> Task statement
Could you find every line in the entries below that holds the word "Decor" and copy it?

> Supplied records
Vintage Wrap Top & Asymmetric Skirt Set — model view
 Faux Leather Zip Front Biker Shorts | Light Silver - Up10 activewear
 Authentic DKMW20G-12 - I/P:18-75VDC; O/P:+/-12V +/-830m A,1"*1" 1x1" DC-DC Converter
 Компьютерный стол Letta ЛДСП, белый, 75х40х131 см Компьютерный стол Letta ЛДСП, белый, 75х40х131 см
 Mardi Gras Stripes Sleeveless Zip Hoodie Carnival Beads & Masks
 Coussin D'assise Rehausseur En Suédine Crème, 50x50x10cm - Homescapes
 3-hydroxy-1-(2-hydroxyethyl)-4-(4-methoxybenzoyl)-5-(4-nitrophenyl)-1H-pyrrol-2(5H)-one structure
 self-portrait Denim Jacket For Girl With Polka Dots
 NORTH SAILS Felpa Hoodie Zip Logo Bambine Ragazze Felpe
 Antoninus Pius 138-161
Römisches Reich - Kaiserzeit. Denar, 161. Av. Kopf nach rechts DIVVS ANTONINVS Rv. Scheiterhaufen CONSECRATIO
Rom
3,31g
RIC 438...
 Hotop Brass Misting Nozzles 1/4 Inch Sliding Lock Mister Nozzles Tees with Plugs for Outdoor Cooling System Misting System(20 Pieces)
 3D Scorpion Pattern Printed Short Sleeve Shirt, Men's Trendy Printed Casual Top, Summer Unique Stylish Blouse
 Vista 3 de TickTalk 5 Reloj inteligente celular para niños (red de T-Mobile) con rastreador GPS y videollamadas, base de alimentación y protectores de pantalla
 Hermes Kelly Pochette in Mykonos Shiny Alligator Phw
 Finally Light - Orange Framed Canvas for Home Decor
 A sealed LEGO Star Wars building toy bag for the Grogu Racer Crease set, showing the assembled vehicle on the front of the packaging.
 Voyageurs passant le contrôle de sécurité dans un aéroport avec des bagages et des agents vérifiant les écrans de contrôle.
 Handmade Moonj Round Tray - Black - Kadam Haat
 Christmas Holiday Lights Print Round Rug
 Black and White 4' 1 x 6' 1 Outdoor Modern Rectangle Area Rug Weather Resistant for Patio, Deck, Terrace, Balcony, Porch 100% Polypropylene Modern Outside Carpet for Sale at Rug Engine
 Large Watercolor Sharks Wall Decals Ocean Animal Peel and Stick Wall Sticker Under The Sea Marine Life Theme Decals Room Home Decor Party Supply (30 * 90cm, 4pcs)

> Output of the exercise
 Finally Light - Orange Framed Canvas for Home Decor
 Large Watercolor Sharks Wall Decals Ocean Animal Peel and Stick Wall Sticker Under The Sea Marine Life Theme Decals Room Home Decor Party Supply (30 * 90cm, 4pcs)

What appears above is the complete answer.